Alors, que faisons-nous à partir de maintenant ? Si nous ne faisons rien, je suis convaincu que les tendances que nous observons vont s’aggraver. Les nouvelles technologies remettent déjà en question la façon dont nous régulons la monnaie, dont nous protégeons les consommateurs de la fraude. Et avec l’émergence de l’IA, la désinformation va devenir plus sophistiquée.

En tant que citoyens, nous devons prendre sur nous de devenir de meilleurs consommateurs de nouvelles, en regardant les sources, en réfléchissant avant de partager et en apprenant à nos enfants à devenir des penseurs critiques qui savent évaluer les sources et séparer l’opinion des faits. (...) Nous devons trouver des moyens de donner aux jeunes et au reste d’entre nous, la possibilité de développer des muscles civiques. Et nous devons trouver comment le faire, non seulement dans le monde réel, mais aussi sur les plateformes virtuelles où les jeunes passent du temps. (...)

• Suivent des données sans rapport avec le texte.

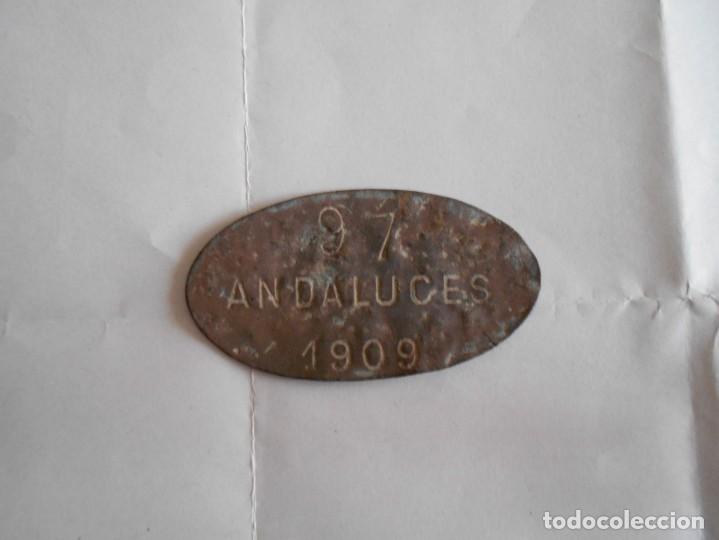 Plakate: chapa antigua de andaluces 97-- a&ntilde;o 1909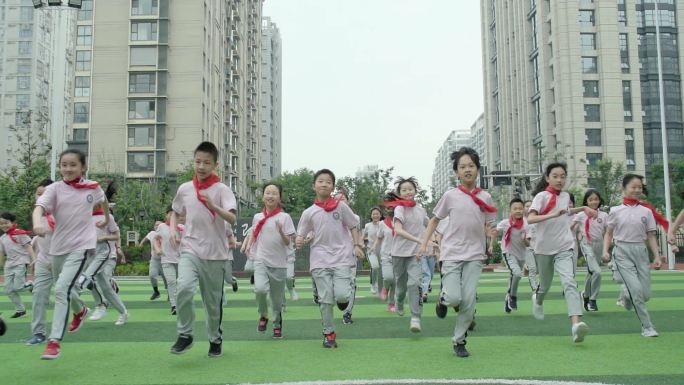 小学生奔跑慢镜头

Le signe écrit à la main était un outil. La télévision est un outil. L’Internet est un outil. Les médias sociaux sont un outil. En fin de compte, les outils ne nous contrôlent pas. Nous les contrôlons, et nous pouvons les remodeler. C’est à chacun d’entre nous de décider de ses valeurs, puis d’utiliser les outils qui nous ont été donnés pour les promouvoir. Et je crois que nous devrions utiliser tous les outils à notre disposition pour garantir notre plus grand cadeau, un gouvernement de, par, pour le peuple pour les générations à venir.